## Problem statement
Could you tally the lines in the listing below that include the word "Natural"? Respond with the total alone.
-- Excerpted data follows --
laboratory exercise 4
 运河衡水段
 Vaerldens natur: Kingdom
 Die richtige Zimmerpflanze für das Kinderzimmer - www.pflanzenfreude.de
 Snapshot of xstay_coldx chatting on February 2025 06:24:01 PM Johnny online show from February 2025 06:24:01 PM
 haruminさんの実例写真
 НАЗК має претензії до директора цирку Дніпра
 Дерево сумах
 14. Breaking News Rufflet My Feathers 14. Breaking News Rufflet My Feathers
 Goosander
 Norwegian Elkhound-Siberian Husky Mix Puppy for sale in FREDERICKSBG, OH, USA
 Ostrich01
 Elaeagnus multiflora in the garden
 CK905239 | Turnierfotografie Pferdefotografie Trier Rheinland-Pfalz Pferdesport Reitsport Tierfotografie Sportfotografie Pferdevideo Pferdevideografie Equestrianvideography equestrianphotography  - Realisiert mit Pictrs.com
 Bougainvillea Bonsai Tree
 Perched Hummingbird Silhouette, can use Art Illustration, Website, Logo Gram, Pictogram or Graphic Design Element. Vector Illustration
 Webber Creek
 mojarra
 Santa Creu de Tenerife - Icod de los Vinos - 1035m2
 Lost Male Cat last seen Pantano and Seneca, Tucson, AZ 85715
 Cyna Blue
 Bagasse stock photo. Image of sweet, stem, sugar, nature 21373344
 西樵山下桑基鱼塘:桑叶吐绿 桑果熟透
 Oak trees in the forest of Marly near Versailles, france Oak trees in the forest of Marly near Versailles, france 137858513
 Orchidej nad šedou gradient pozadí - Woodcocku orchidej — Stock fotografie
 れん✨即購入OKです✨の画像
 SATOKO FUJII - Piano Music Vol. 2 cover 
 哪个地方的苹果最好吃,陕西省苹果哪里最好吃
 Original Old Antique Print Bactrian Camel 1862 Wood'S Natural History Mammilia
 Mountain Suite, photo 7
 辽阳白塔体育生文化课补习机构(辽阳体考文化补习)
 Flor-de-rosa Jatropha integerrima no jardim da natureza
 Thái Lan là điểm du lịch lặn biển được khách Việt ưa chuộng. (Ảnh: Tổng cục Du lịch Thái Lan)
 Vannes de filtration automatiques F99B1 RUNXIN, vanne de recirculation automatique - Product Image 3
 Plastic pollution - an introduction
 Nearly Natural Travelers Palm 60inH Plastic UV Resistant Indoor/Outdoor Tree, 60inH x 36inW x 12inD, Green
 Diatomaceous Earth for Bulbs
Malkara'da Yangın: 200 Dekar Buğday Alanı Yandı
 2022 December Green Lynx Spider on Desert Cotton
-- Excerpted data concluded --
## Answer below
2